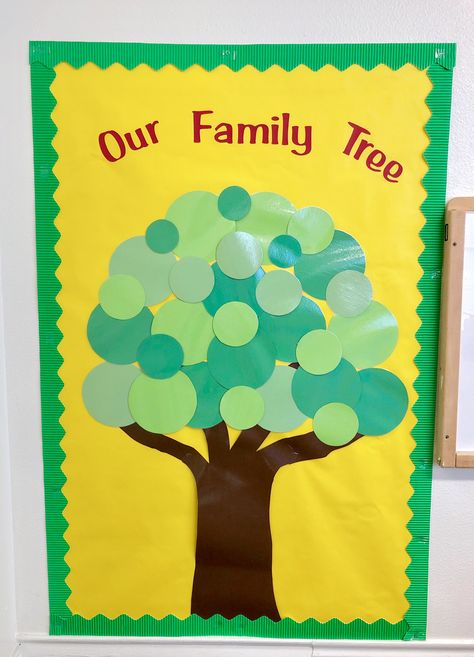 Classroom Family Tree Ideas, Classroom Family Tree, Family Tree Ideas, Classroom Family, Family Tree Craft, Toddler Teacher, Infant Room, Preschool Bulletin, Preschool Bulletin Boards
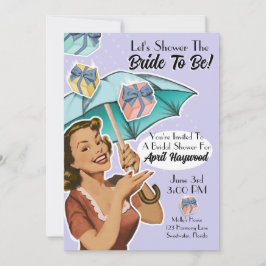 ヴィンテージ傘スタイルシャワーパーティー招待状- Violet 招待状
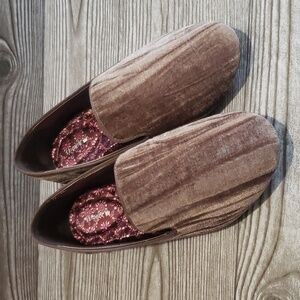 Birdies 9 The Starling Moonstone Crushed velvet flat loafers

Description of the task
The answer must be the full listing, word for word, with no images in it.

Written reply
 Classroom Family Tree Ideas, Classroom Family Tree, Family Tree Ideas, Classroom Family, Family Tree Craft, Toddler Teacher, Infant Room, Preschool Bulletin, Preschool Bulletin Boards
 ヴィンテージ傘スタイルシャワーパーティー招待状- Violet 招待状
 Birdies 9 The Starling Moonstone Crushed velvet flat loafers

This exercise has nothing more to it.